- _INFORMATION SUPPLIED_:
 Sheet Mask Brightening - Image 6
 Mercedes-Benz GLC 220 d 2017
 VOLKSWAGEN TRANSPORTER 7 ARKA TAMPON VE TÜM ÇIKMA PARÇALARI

- _EXERCISE REQUIREMENTS_: Output the full listing again with nothing altered.

- _TASK RESULT_:
 Sheet Mask Brightening - Image 6
 Mercedes-Benz GLC 220 d 2017
 VOLKSWAGEN TRANSPORTER 7 ARKA TAMPON VE TÜM ÇIKMA PARÇALARI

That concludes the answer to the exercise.